I've been reading (skimming, really) Native Anthropology by Takami Kuwayama. Kuwayama has a message for Western anthropologists: "My message to the anthropologists of the cneter, in the United States, Greak Britain, and France, is a plea to realize, first, that their overwhelming power has created relations of domination and subordination in anthropological practice; and, second, that beause of their dominant position they have, intentionally or not, suppressed the voices from the margins." He also has a message for marginalized group: "To peripheral anthropologists in Asia and other regions, my message is about the danger of becoming nationalistic or even chauvinistic and of dogmatically ejecting everything Western (i.e., the central discourse) in their desire to be intellectually independent."

Western anthropologists in the past created the divide by constructing locals as 'natives', objects of study. Contemporary Western anthropologists maintain it by ignoring the anthropological work done by the 'natives' themselves.But 'native anthropologists' deepen the divide: b y rejecting the central discourse, they make it even more difficult for dialog to occur.

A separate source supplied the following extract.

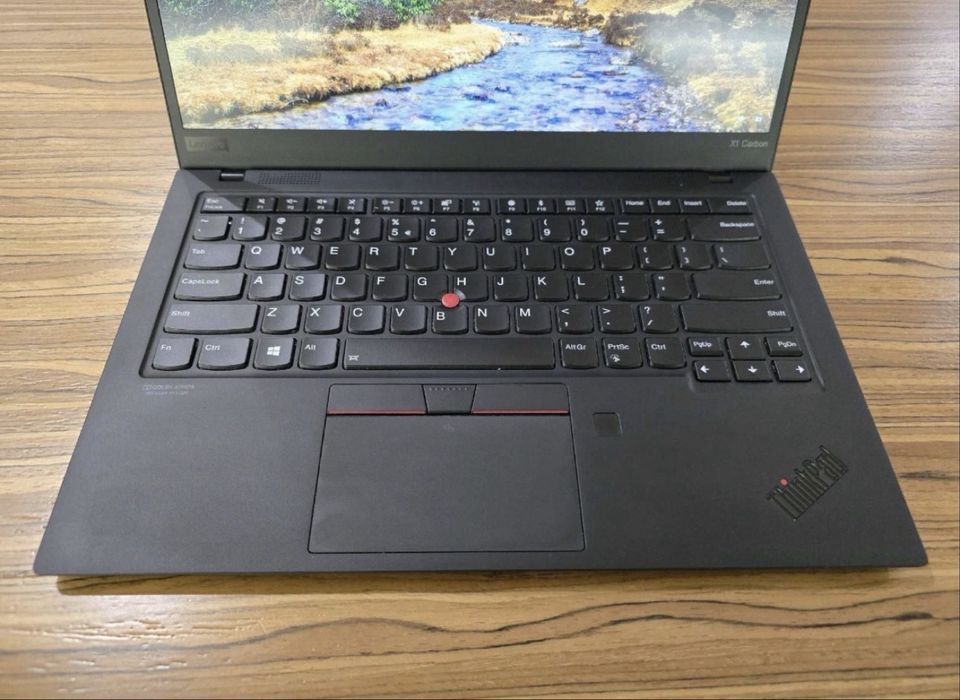 Ноутбук Thinkpad X1 carbon gen 7 i5 8gen 4G LTE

But to participate, Kuwayama suggests that they must familiarize themselves with the master's tools.

This interests me particularly as a netizen, blogger, and member of the fen who would like to do scholarship about online communities and what is produced online.

I think there are rough parallels between the situation Kuwayama describes and Binh's linguistic experiences in Vietnam and in France. Westerners in Vietnam don't bother to learn much Vietnamese. The Vietnamese know only what they need to know. There is no discourse between these two grops, because there is no shared language, literally. But what would the reaction have been if Binh had attempted to learn French fluently, or to learn English? To discourse with Westerners as an equal? It's not just language, it's race and class, signified by language. Sometimes you're not permitted to use the master's tools. Binh is given barely enough access to the language he needs in order to serve Westerners; to take orders, really.

What does any of this have to do with feminism? The funny thing about the male/female dichotomy is that the two halves share each other's lives. Woman's place is not often physically separate from man's place. The women in the parlor drinking tea are very near the men in the dining room drinking liquor. Needless to say, they speak the same language. Whereas only a few 'natives' share the lives of 'imperials'. While I define 'feminism' quite broadly, The Book of Salt seems to have much more to do with race and language and nationality and colonialism than with gender and sexuality, which is the center of feminism. Race, class, nationality, etc. must be taken into account by feminists, but I think that gender and sexuality is the starting point and the point of unification for the various strands of feminism.

But Book of Salt is told from the POV of a man who has sex with other men, who serves two women who are in a queer relationship. There must be some angle.

And I can't think of one right now; maybe it would help if I finished the book first ...

And I find that analyzing taste is very difficult, even more difficult than describing a taste. Usually, I analyze words, thoughts, relationships, images.

I can't think of anything else right now. I keep running into walls.